A l'Asse, de nombreux festivaliers en profitent chaque année: Paléo est un des rares organisateurs qui ne fouille pas le public aux entrées. Ce point suscite des débats nourris, qui portent notamment sur les bouteilles en verre et l'alcool. Cette absence de palpations et de vérification dans les sacs est loin d'être un oubli, et si elle fait partie d'une certaine histoire et philosophie du festival, elle n'est pas, comme Pascal Viot le signale, une coutume érigée en tant que dogme.

Comme cet accès sans fouille a régulièrement été remis en question, le chef du département Accueil et sécurité peut s'appuyer sur des arguments rationnels et pragmatiques, loin de toute idéologie. "A partir du moment où l'on vend des bouteilles en verre sur le terrain, quel serait le véritable objectif d'une fouille systématique à l'entrée? Moi, j'aime bien comprendre, voir finalement quelle est la pertinence d'une mesure face à un objectif."

Il poursuit en soulignant que si le problème tournait vraiment autour du verre sur le terrain, Paléo devrait renoncer à vendre du vin en bouteilles, par exemple.

Tout ça ne relèverait-il pas plutôt de la santé publique? Le but serait alors d'éviter qu'une certaine couche de la population, particulièrement les jeunes, se suralcoolisent? "Dans ce cas, je préfère miser sur la prévention et l'accompagnement à l'intérieur du festival." Fort de son observation dans d'autres manifestations, Pascal Viot a pu constater que la traque aux bouteilles incitait les gens à avaler leur contenu entier en un temps record avant d'entrer dans le site. "Ce qui est contre-productif puisque, au final, on applique une mesure qui les pousse à arriver très alcoolisés, très tôt.

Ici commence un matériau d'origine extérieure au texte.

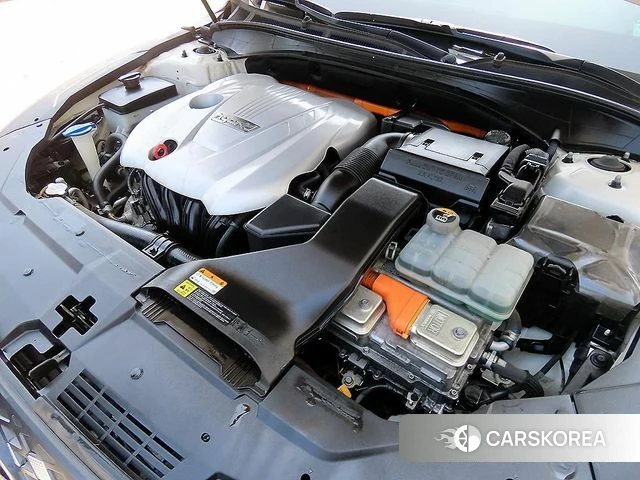 Hyundai The New Grandeur IG Hybrid id 3942415 из Кореи 10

Autant les laisser entrer et espérer qu'ils consomment de manière plus tranquille et étalée dans un périmètre où ils seront plus encadrés." Quant à la dimension économique? "Je trouverais malhonnête d'utiliser un argumentaire sécuritaire et de santé publique alors qu'il s'agit en fait d'encourager les gens à consommer davantage de boissons vendues par Paléo."

 

Marché noir à domestiquer

 

Autre point noir souvent relevé par les festivaliers: le marché noir. L'enseignant et responsable de la sécurité promeut également le dialogue et la prévention pacifique: "En soi, la revente de billet n'est pas illégale. Nous aurions la possibilité de refouler les revendeurs à l'extérieur d'un certain périmètre, seulement cela ne résoudrait rien puisque ceux-ci se déplaceraient simplement en marge."

Le vrai souci des organisateurs du festival avec le marché noir se situe plutôt dans le sentiment d'insécurité qu'il génère et le risque de conflits lors des transactions. "Les revendeurs sont souvent issus de banlieues françaises et de quartiers difficiles, ce qui peut provoquer un choc culturel lors de la rencontre avec les festivaliers, les deux ne parlant pas vraiment la même langue."

Les bénévoles qui surveillent les alentours de l'entrée du festival pourront le confirmer. La plupart des revendeurs sont des habitués et reviennent chaque année. "Nous avons établi un bon contact avec certains. Les avoir à proximité nous permet de garder la situation sous contrôle." Parallèlement des efforts ont été consentis ces dernières années afin de rendre les abords de l'entrée plus accueillants. "Et nous veillons à ce que la première personne à qui le festivalier dit bonjour ne soit pas un revendeur de billets mais plutôt un de nos collaborateurs."

Selon Pascal Viot, la clé du succès de l'organisation d'une manifestation réside dans le fait d'inclure les questions de sécurité dès le début du processus et de cesser de voir la sécurité comme " un mal nécessaire . Si on parvient à dépasser cette expression, on voit bien qu'il y a des enjeux autour de la gestion des risques et du pilotage des urgences. Gérer les problèmes de sécurité, ce n'est pas juste séparer des gens qui se battent, c'est définir des stratégies, et ne plus voir la "sécu" comme un module externe à l'organisation. Ça se traduit aussi par des choses concrètes, comme la manière dont on accueille les gens. On insiste beaucoup sur le fait que le staff aux entrées doit être convivial. Il est une composante importante des efforts faits par l'organisateur pour que les festivaliers se sentent bien. On ne veut pas de gens en uniforme qui regardent de travers chaque arrivant."